---- EXTRACTED RECORDS

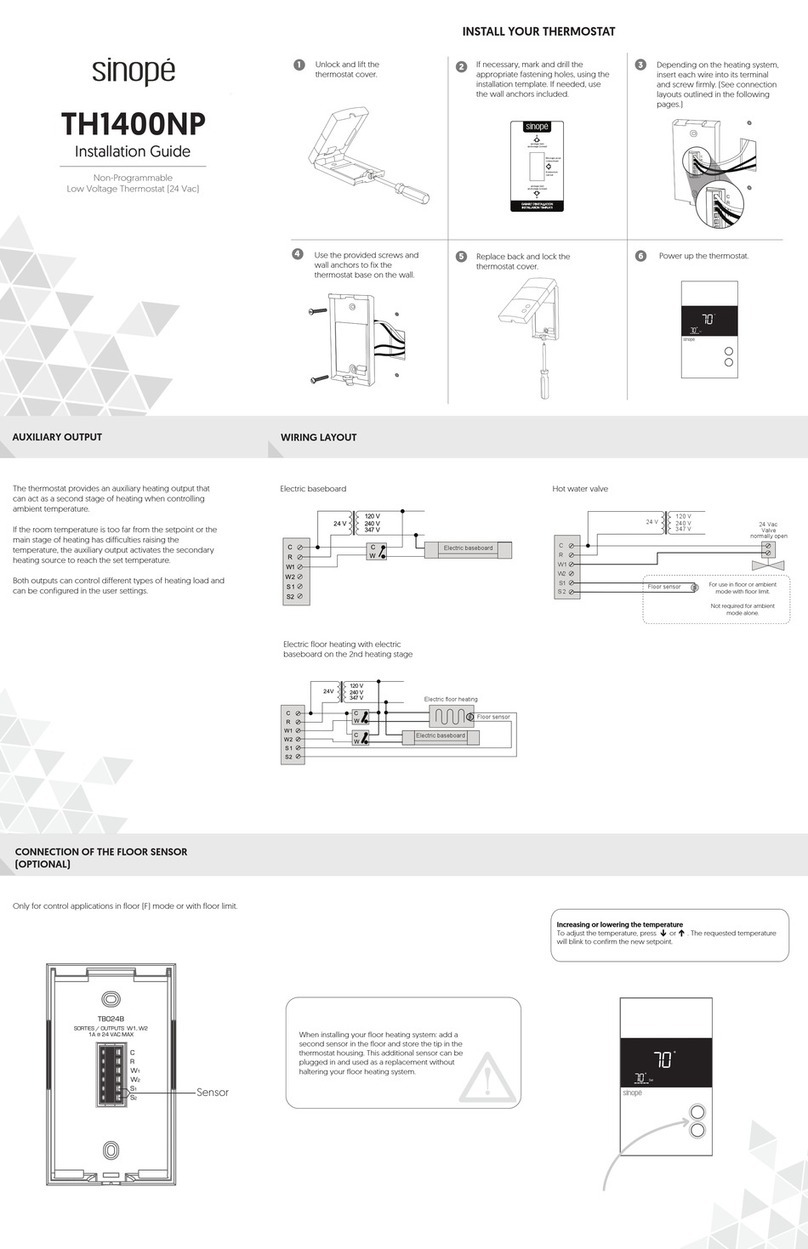 Sinope TH1400NP Manuel utilisateur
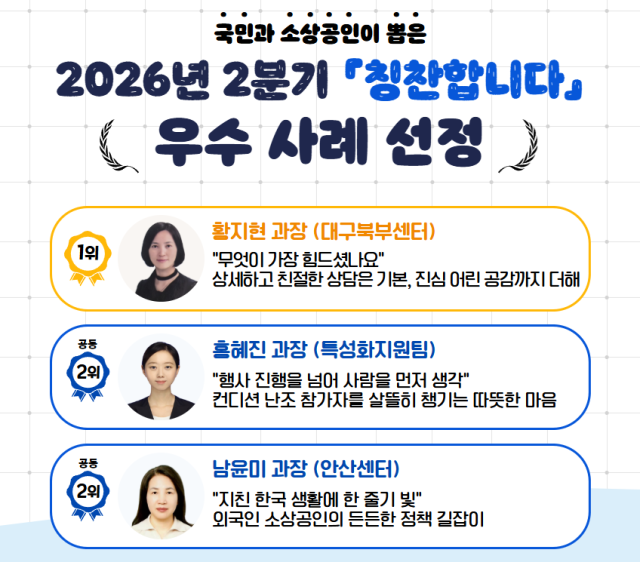 La Corporación de Promoción del Mercado de Microempresarios reconoce a Hwang Ji-hyun, Hong Hye-jin y Nam Yun-mi en casos destacados del segundo trimestre de 2026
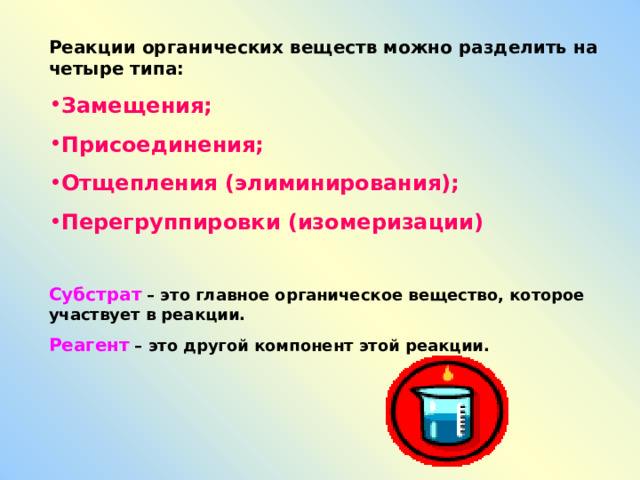 Реакции органических веществ можно разделить на четыре типа: Замещения; Присоединения; Отщепления (элиминирования); Перегруппировки (изомеризации)  Субстрат  – это главное органическое вещество, которое участвует в реакции. Реагент  – это другой компонент этой реакции. 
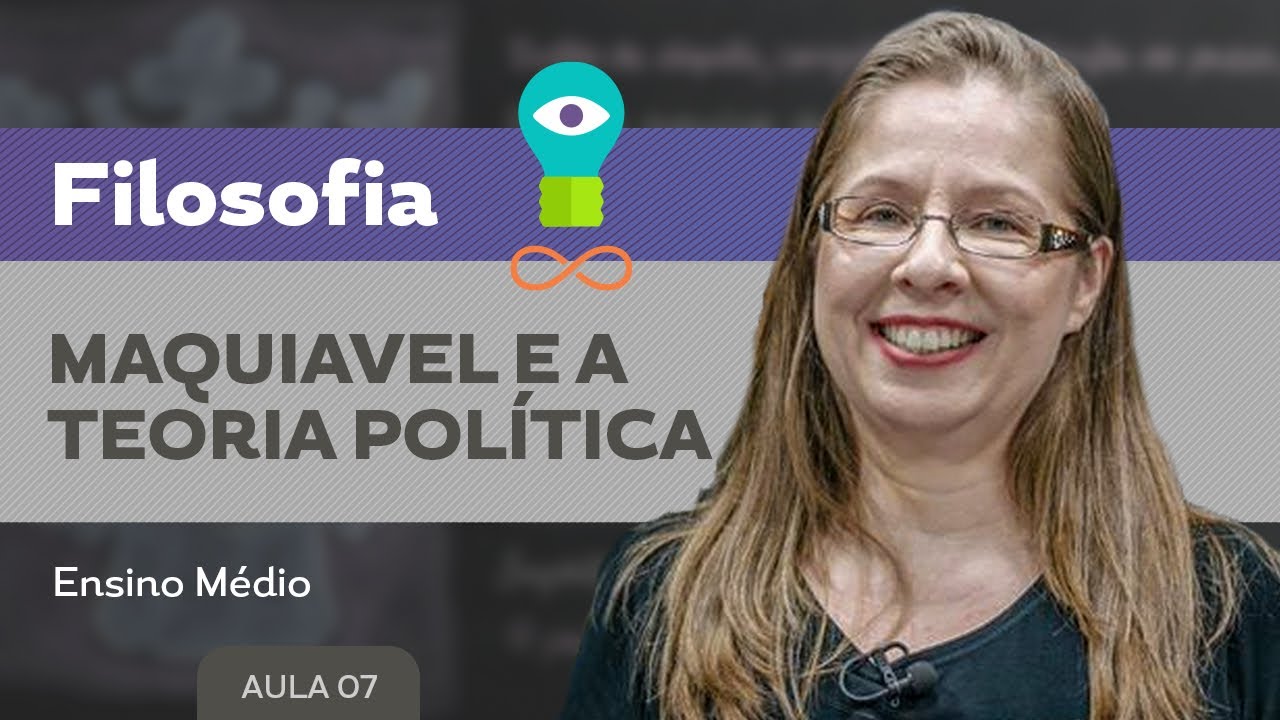 Maquiavel e a teoria política​ - Filosofia - Ensino Médio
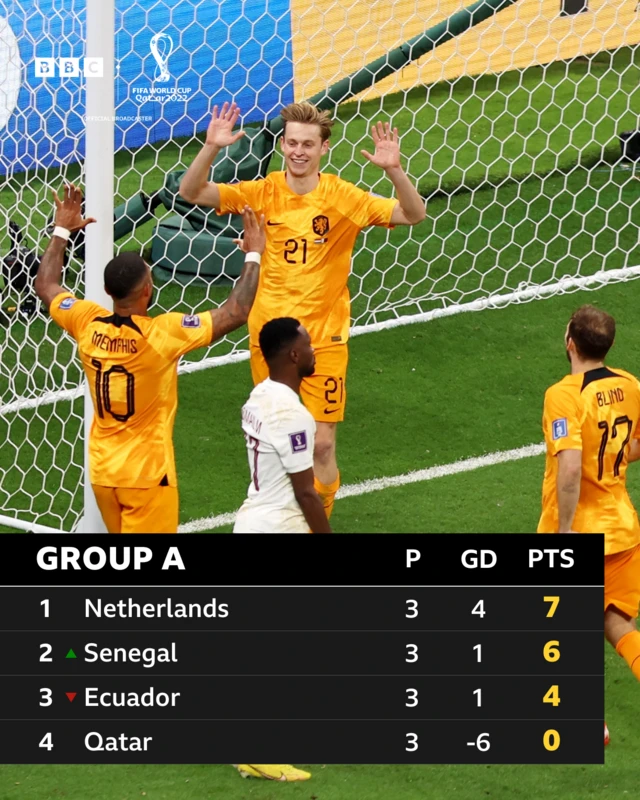 Group A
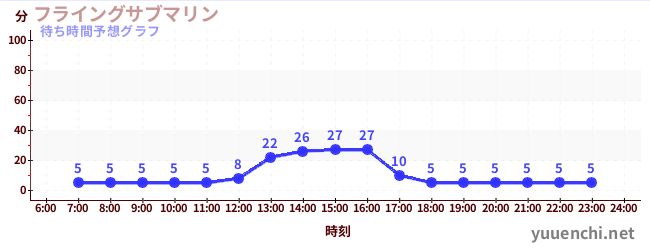今日の混雑予想(フライングサブマリン )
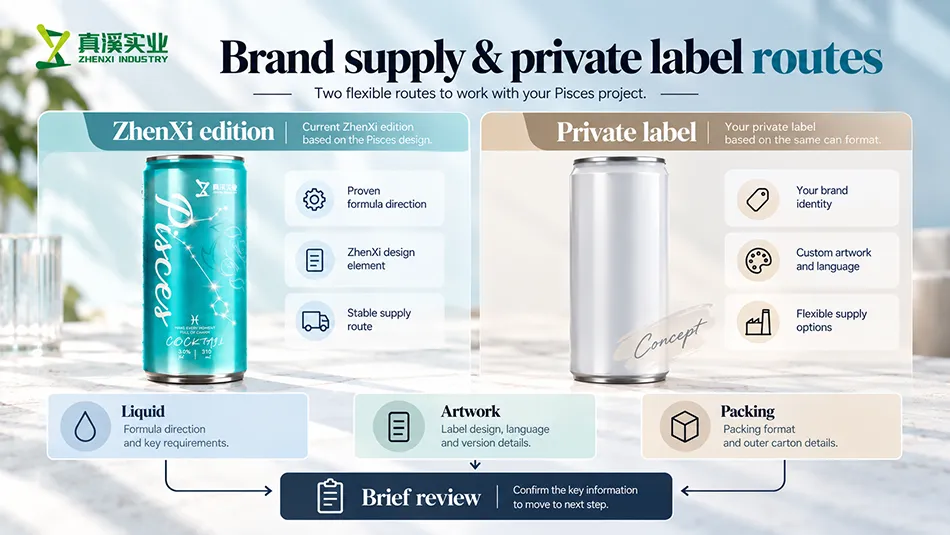 Current ZhenXi Pisces can and private label concept with liquid, artwork and packing review points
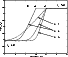 \begin{figure}
\resizebox{\hsize}{5cm}{\includegraphics{mn_strat_profile.eps}}\end{figure}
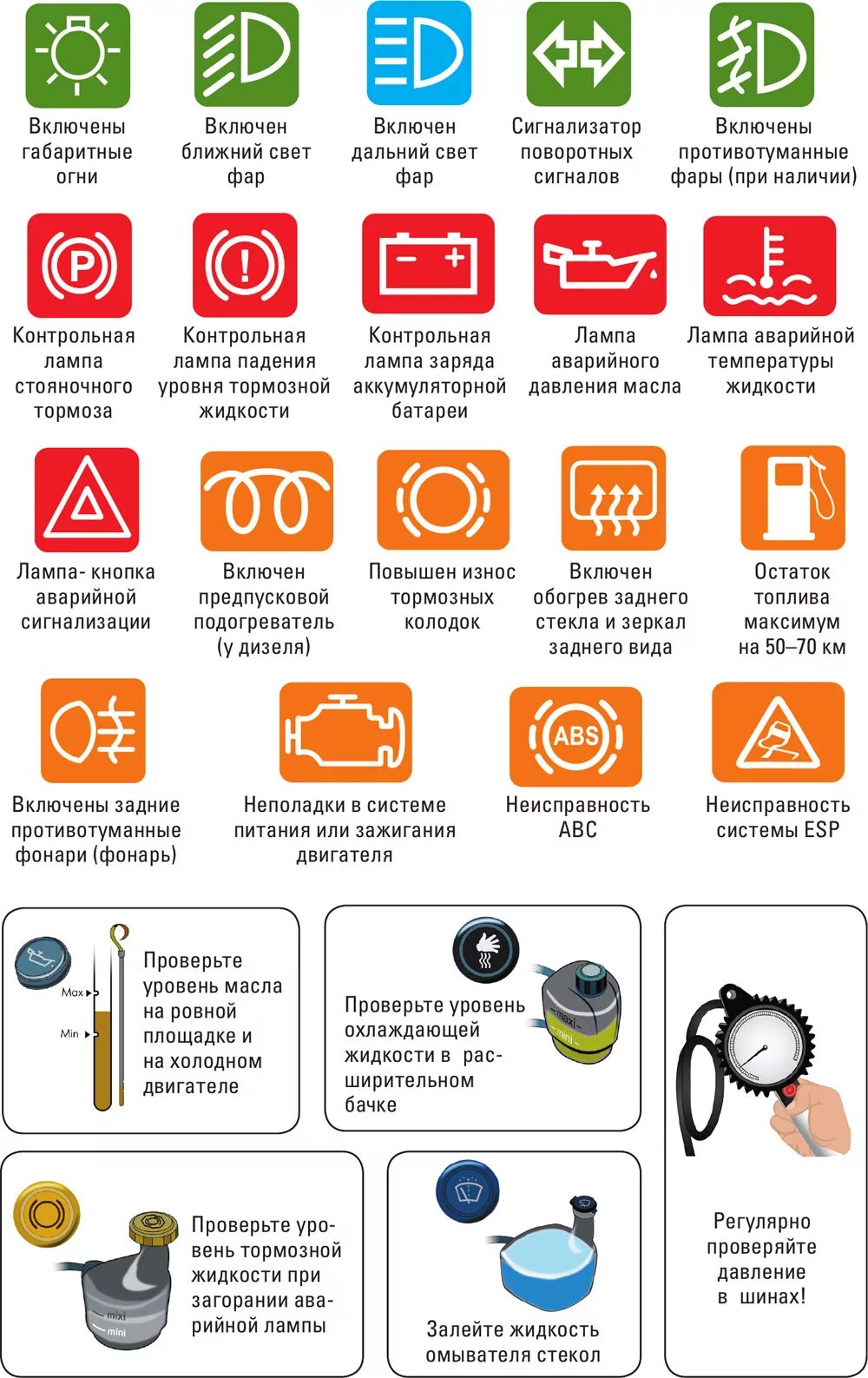 Механика первый урок. Как научиться водить машину. Инструкция вождения автомобиля для начинающих механика. Как научиться водить на механике. Вождение на механике для начинающих пошагово.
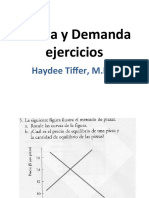 Ejercicios de Oferta y Demanda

--------

▸ ABOUT THIS TASK
Make an exact copy of the records from their first line through the line containing "Механика первый урок.", both ends included, with the pictures omitted.

▸ RESULT OF THIS TASK
 Sinope TH1400NP Manuel utilisateur
 La Corporación de Promoción del Mercado de Microempresarios reconoce a Hwang Ji-hyun, Hong Hye-jin y Nam Yun-mi en casos destacados del segundo trimestre de 2026
 Реакции органических веществ можно разделить на четыре типа: Замещения; Присоединения; Отщепления (элиминирования); Перегруппировки (изомеризации)  Субстрат  – это главное органическое вещество, которое участвует в реакции. Реагент  – это другой компонент этой реакции. 
 Maquiavel e a teoria política​ - Filosofia - Ensino Médio
 Group A
今日の混雑予想(フライングサブマリン )
 Current ZhenXi Pisces can and private label concept with liquid, artwork and packing review points
 \begin{figure}
\resizebox{\hsize}{5cm}{\includegraphics{mn_strat_profile.eps}}\end{figure}
 Механика первый урок. Как научиться водить машину. Инструкция вождения автомобиля для начинающих механика. Как научиться водить на механике. Вождение на механике для начинающих пошагово.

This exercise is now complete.